The Xbox 360 version is a few months behind the PC version’s ever-evolving feature-set, but it could be argued that this is a more ‘pure’ experience. ‘Missing’ features like combat XP and enchantment are extraneous to the bread-and-butter of mining and crafting, and while the hunger-system adds a compelling reason to occasionally leave the mines, it also erodes the zen-like majesty of mining for hours.
Controls have been sensibly mapped to the 360 controller (even if having to toggle a button to stop descending a ladder is as inelegant as it gets), and the console crafting interface now lists every creatable item, and the resources required to build them. As much as this undermines the sense of serendipitous discovery that characterizes the initial hours of the PC version, it also adds a sense of purpose. Need to build a dispenser? Pull up the list, see what ingredients you need, and then go into the wilderness to acquire them.

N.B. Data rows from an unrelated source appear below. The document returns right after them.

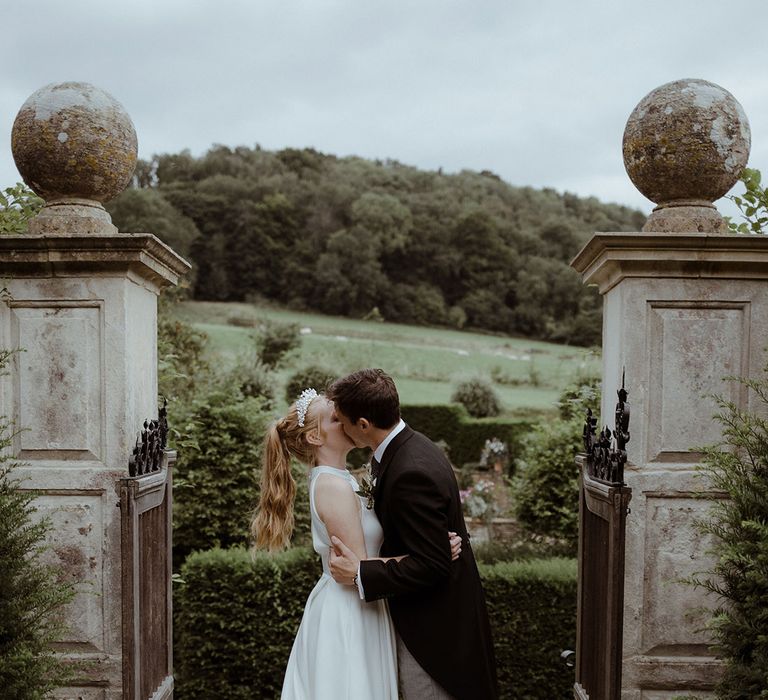 Groom in morning suit with grey trousers kisses bride in the gardens at Owlpen Manor 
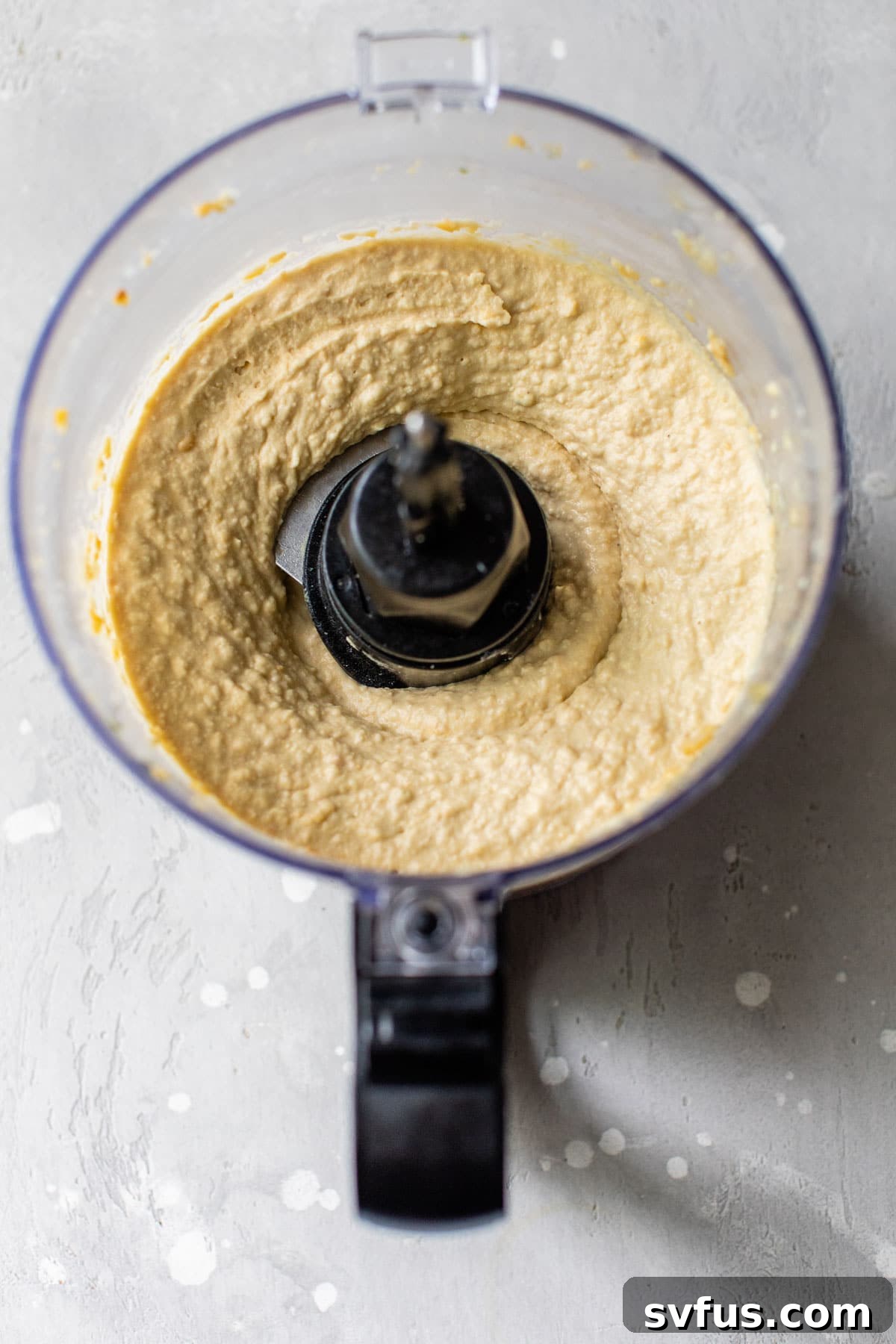 Creamy homemade hummus being processed in a food processor, showing its smooth consistency.
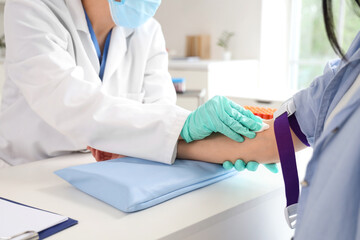 Female doctor disinfecting donor's arm before blood transfusion in clinic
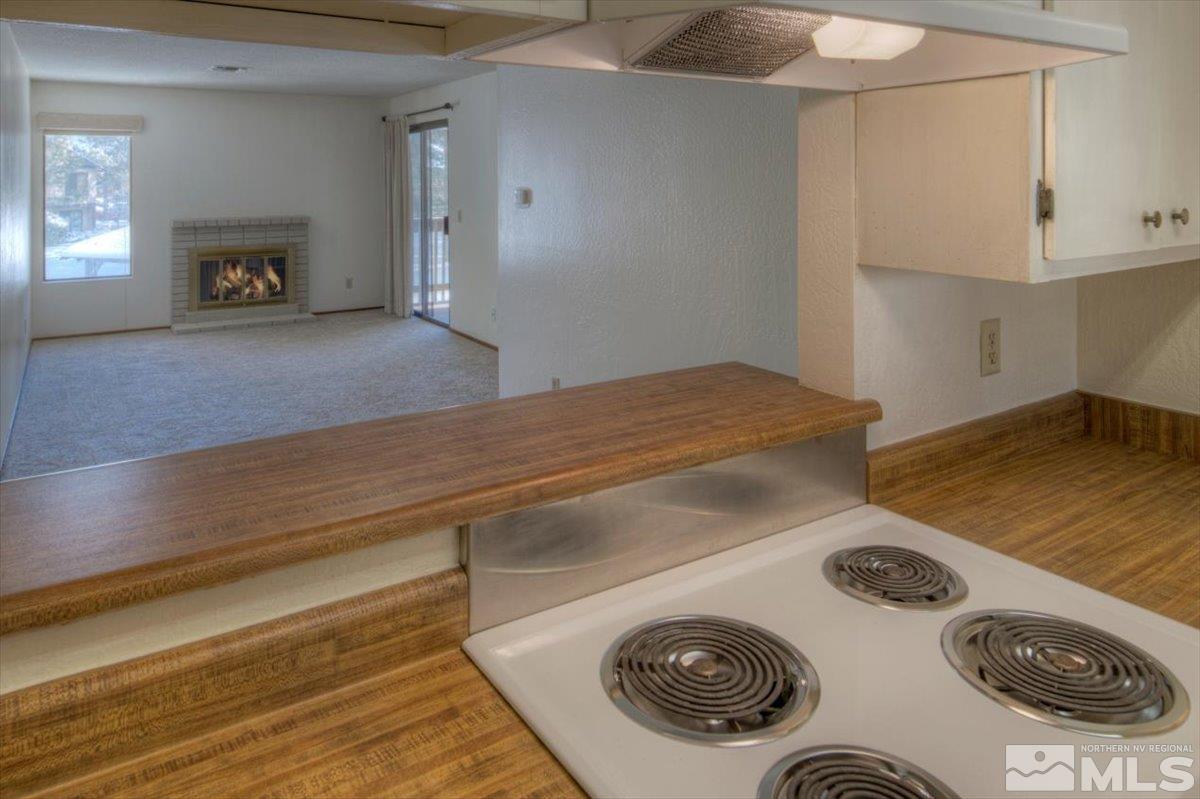 4658 Rio Poco Road Reno, NV 89502 - Photo 6 of 31 a kitchen with a stove and a refrigerator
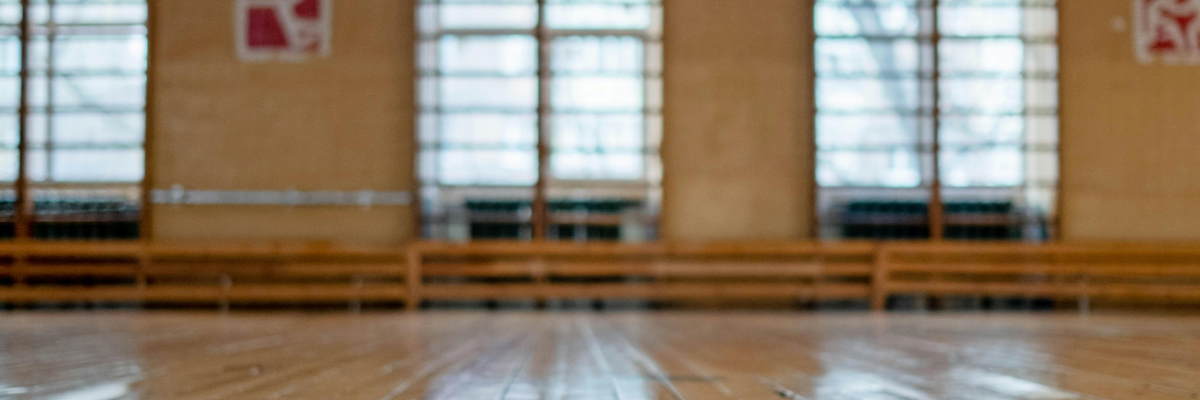 Salle de sport avec parquet, fenêtres et panneaux.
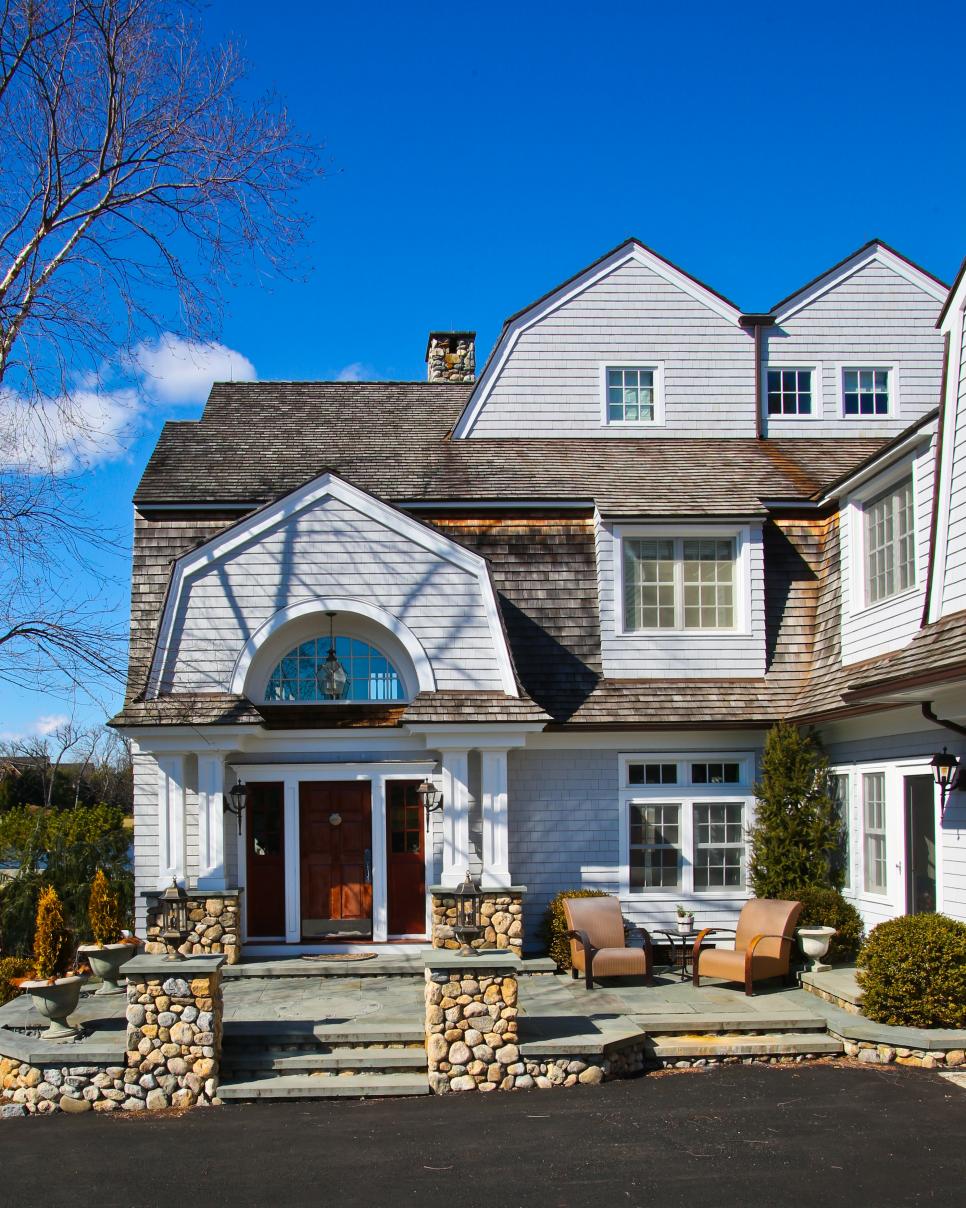 Front Exterior With Stone Patio Front Door and Stone Patio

Let’s face it; an online wiki was previously serving up what has now been baked into the console version.
Another major win for the console plebeians is the multiplayer integration. At any point, up to three other local players can press start and join in and disconnect without disrupting the experience. The split screen works remarkably well with no apparent impact on performance, and the simplistic graphics are perfectly legible for the most part. Online multiplayer entails joining another player’s game (sadly leaving all your gear in your own world), but it’s where the real fun is to be had.

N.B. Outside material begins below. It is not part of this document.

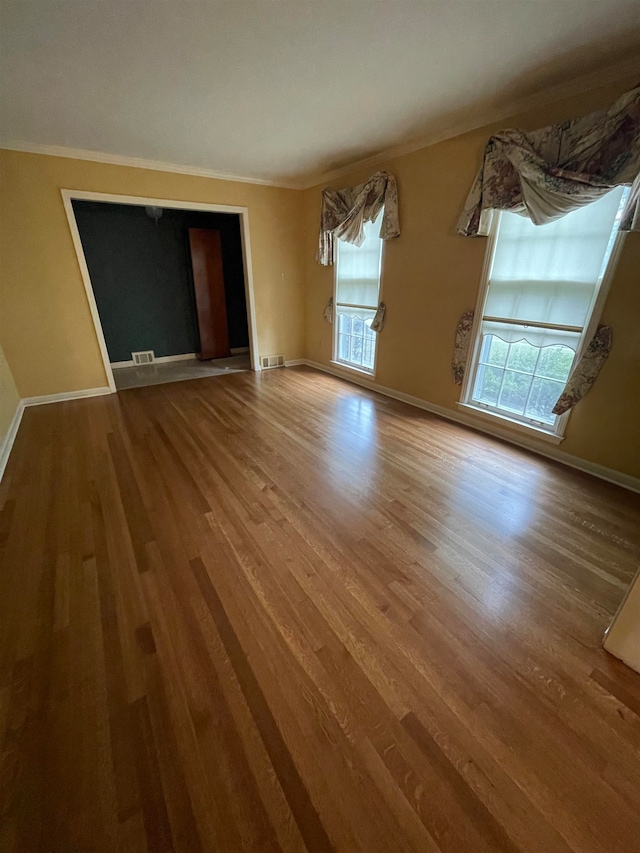 unfurnished living room with ornamental molding and hardwood / wood-style flooring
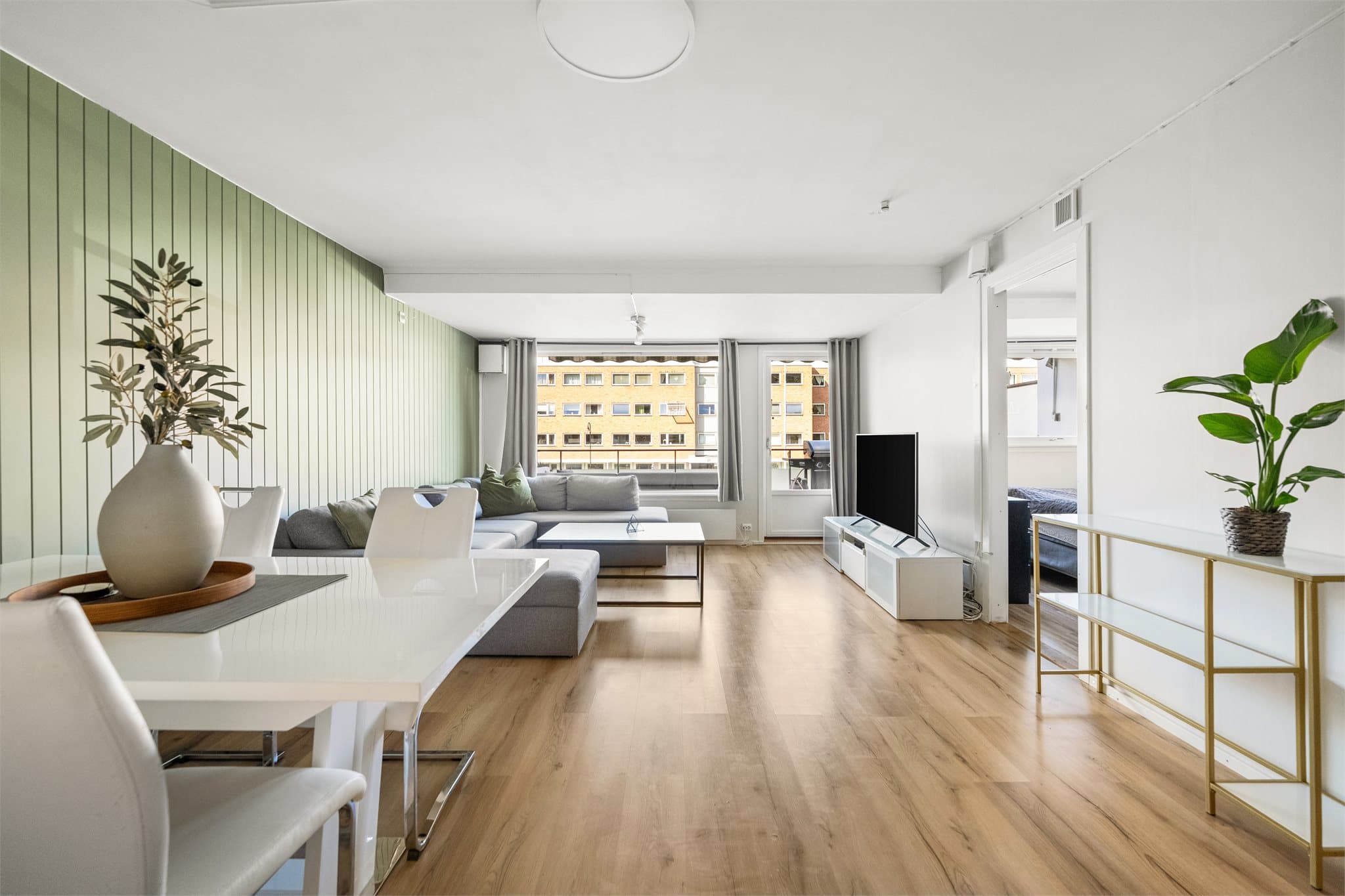 Lys og romslig stue med store vindusflater som slipper inn rikelig med naturlig lys. Her er det naturlige soner for både sofa- og spisegruppe.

I’ve whittled away countless evenings burrowing through the game worlds of my fellow-subterranean cohorts, and I’ve found it best to play in groups so there’s more chance that somebody will notice how many real-life hours have slipped by. Hardcore PC gamers may turn up their nose at the lack of persistent server-support, but eliminating the need to futz around with port-forwarding and firewalls means that more gamers will get to experience the simple pleasure of building gaudy, flaming phalluses with friends.
Minecraft is regularly compared to Lego for its creative aspects, but that’s only half the story. My absolute favourite thing about the game is how it taps into the more primitive parts of my brain. Hunt. Gather. Survive. During an online session, I got nervous of an impending monster attack once it started to rain, and when my friend asked me if precipitation brought more monsters, I realized that my caveman brain had correlated a spate of encounters with one heavy shower, but I had no evidence of causation. For a game that has apparently been ‘streamlined’, that’s a rather profound impact to have on my mostly scientifically-literate mind.
If you have a passing interest in expressing your creativity, testing your survival instincts or goofing around with your friends in a low-pressure online social setting, Minecraft is an essential addition to your Xbox 360 collection.